Some courts have held that a failure to provide notice of review hearings constitutes "structural error, " and is therefore reversible per se. DeJohn B. held that the Agency's failure to attempt to locate a mother and provide her with notice of the six-month review hearing where reunification services were terminated mandated reversal. (DeJohn B., supra, 84 Cal.App.4th at p. 110.) Citing DeJohn B., the panel in Jasmine G. held that the Agency's failure to notify the mother of a selection and implementation hearing where her parental rights were terminated was reversible per se. (Jasmine G., supra, 127 Cal.App.4th at pp. 1116, 1118.) Likewise, in Judith P. v. Superior Court (2002) 102 Cal.App.4th 535, the court held that the Agency's failure to serve the mother with a copy of the social worker's report before the twelve-month review hearing at which her reunification services were terminated constituted structural error, reversible per se. (Id. at p. 558.) However, in 2008, our Supreme Court applied the harmless error standard to a distinct due process challenge and cautioned against use of the structural error doctrine in dependency cases. (In re James F. (2008) 42 Cal.4th 901, 915.) Analyzing In re James F., the court in A.D. applied the harmless error standard to evaluate the Agency's alleged failure to provide notice of the twelve-month review hearing. (A.D., supra, 196 Cal.App.4th at p. 1327.)

         III

         Analysis

         Prior to the six-month review hearing, the Agency prepared a Status Review Report. This Report satisfies nearly all of the statutory notice requirements for dependency review hearings under California law. Consistent with subdivisions (a) and (e) of section 293, the Agency sent the Status Review Report to William, the presumed father, at his last known address by first-class mail. (§ 293, subds. (a), (e).) It did so on April 14, 2015, 21 days before the six-month review hearing, consistent with subdivision (c). (§ 293, subd. (c).) Consistent with subdivision (d), the Status Review Report stated that the next hearing would be the six-month review hearing on May 5, 2015, and it included the Agency's recommendation to terminate William's reunification services. (§ 293, subd. (d).)
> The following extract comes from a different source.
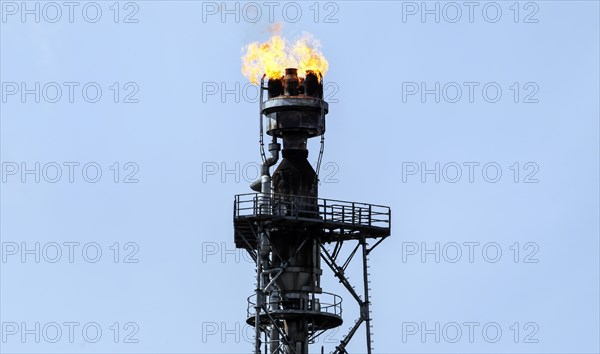 Excess gas from crude oil processing at PCK Raffinerie GmbH in Schwedt is burnt. In the long term,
         Due process does not require actual notice, but instead "notice reasonably calculated, under all the circumstances, to apprise interested parties of the pendency of the action and afford them an opportunity to present their objections." (Mullane, supra, 339 U.S. at p. 314; see Evans v. Dept. of Motor Vehicles (1994) 21 Cal.App.4th 958, 967["Mullane makes it clear that due process of law does not require actual notice, but only a method reasonably certain to accomplish that end."].) We conclude that the Agency's service of its Status Review Report by first-class mail to William's last known address on April 14, 2015 met that standard.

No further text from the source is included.